:: Dataset section

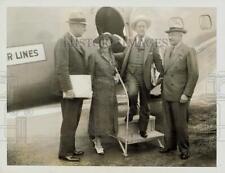 1935 Press Photo Columnist Arthur Brisbane and Friends at San Francisco Airport picture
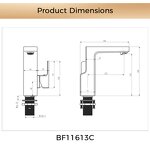 Basin Faucet Manufacturer - Modern Single-Hole Mount Stainless Steel Wall Deck Mounted Hot Cold Water Mixer Tap Single Handle Metered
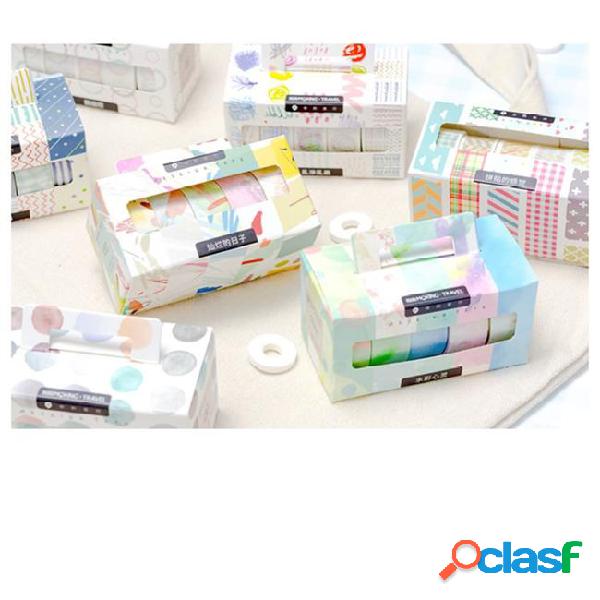 2016 8 set/lot 15mm decoration washi tapes water color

::::

- **Prompt**
Write all the lines above out again exactly, minus the images.

- **Exercise result**
 1935 Press Photo Columnist Arthur Brisbane and Friends at San Francisco Airport picture
 Basin Faucet Manufacturer - Modern Single-Hole Mount Stainless Steel Wall Deck Mounted Hot Cold Water Mixer Tap Single Handle Metered
 2016 8 set/lot 15mm decoration washi tapes water color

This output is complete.